The disaster of the FSO Safer, a decrepit oil supertanker, laden with 1.1 million barrels crude oil, which has been rusting in anchorage off the port of Ras Isa in Yemen’s west coast, will not only affect marine life in the Red Sea, but will have a significant impact on the global economy, a New York-based media company reported.
Bloomberg stressed that Saudi Arabia and the UAE should bear a larger share of the bill to solve the problem, which costs – according to the United Nations – 144 million dollars, including 80 billion dollars for the first phase of its plan.
In an analysis by writer Bobby Ghosh, the agency added that urgent action is required to forestall a different kind of calamity: an oil spill that could rank as one of the world’s worst environmental disasters and disrupt a vital global trade route.
It explained that Ansarullah made some desultory efforts to sell the oil, but buyers were deterred by the war and international sanctions. The Sana’a government have agreed to allow the oil to be offloaded from the vessel, but the United Nations and environmental groups like Greenpeace warn that time and money are short — and that the Safer is a time bomb about to blow, spilling its toxic cargo into the Red Sea.
Bloomberg said the damage caused by the Safer would be far greater than the economic costs imposed by the Ever Given in March 2021. The UN reckons it would take $20 billion just to clean up the Red Sea; the toll on the global economy could be magnitudes higher.
The UN reckons an emergency operation to offload the oil will cost $80 million. (An additional $64 million will eventually be required for a replacement for the ship.) Donors have been parsimonious, however, and the UN is short by $20 million for the offloading operation.
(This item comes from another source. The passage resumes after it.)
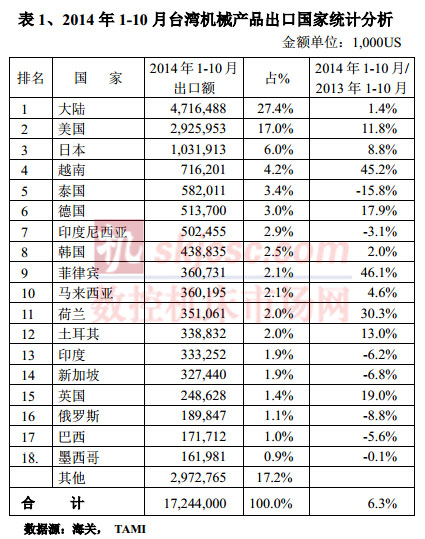 2014年1-10月（yuè）台灣機械產品出口（kǒu）國際統計分析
It is resorting to online crowd-funding to plug the gap.
The writer concluded his analysis by saying, The only way around this is for the international community to back the UN with the cash and diplomatic capital needed to carry out the emergency offloading of the tanker. The Saudis and Emiratis, who stand to lose from the resumption of hostilities and any impediment to shipping in the Red Sea, should bear larger shares of the bill.